Fraser, in Tokyo this week, expressed his hope that trade ties between Japan and Australia will be strengthened by concluding the Trans-Pacific Partnership free-trade initiative.
"I also wanted to send a personal thank-you on behalf of . . . the people of Queensland for the generosity of many Japanese people and Japanese companies, like . . . our sister state Saitama, who have given very generously to the people of Queensland during our time of need," Fraser said Tuesday.
According to Fraser and his government, the storms killed 36 people and caused major damage to the coal, agriculture and livestock industries.
To help the region, the Japanese government and companies have so far donated a total of around 3.5 million Australian dollars (around ¥290 million) to the Queensland government, Fraser said.
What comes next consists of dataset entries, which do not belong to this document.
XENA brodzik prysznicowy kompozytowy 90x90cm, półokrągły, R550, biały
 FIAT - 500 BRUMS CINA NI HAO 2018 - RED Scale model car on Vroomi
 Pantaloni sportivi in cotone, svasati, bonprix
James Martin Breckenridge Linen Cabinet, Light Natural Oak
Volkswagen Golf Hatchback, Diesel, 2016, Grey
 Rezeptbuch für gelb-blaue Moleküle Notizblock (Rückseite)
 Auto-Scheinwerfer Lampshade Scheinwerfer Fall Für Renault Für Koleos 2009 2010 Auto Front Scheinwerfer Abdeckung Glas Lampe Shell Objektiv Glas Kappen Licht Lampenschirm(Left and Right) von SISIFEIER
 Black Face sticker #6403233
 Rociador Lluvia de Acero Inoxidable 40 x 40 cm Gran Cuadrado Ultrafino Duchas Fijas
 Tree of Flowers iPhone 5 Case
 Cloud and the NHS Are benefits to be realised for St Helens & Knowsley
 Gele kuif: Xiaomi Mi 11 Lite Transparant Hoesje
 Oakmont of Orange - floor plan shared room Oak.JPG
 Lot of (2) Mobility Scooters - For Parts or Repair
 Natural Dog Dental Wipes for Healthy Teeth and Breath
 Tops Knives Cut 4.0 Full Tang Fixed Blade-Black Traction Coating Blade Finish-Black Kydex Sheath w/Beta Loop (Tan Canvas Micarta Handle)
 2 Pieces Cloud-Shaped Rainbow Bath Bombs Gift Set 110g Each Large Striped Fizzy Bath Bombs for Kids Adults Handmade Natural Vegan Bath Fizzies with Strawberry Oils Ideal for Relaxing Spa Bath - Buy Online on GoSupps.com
"This demonstrates the long-standing relationship between the people of Japan and the people of Australia," he said.
Despite the vastness of the Queensland road network, whose total length would be about the same as making a round trip between Brisbane and London, Fraser said, repairs have reopened about 90 percent of the state's highways.
The TPP negotiations, built around a free-trade accord that took effect in 2006 among Brunei, Chile, New Zealand and Singapore, are under way to expand the framework to include five other Asia-Pacific countries, including the United States and Australia. Prime Minister Naoto Kan has said he plans to decide around June whether to join the talks.
"We know that negotiations both in terms of the TPP and the free-trade agreement between Australia and Japan are progressing and we are keen and eager to see them concluded to our mutual benefit," Fraser said.
He came to Japan on Tuesday for a three-day visit to meet with officials of firms dealing in resources and others interested in doing business in Queensland.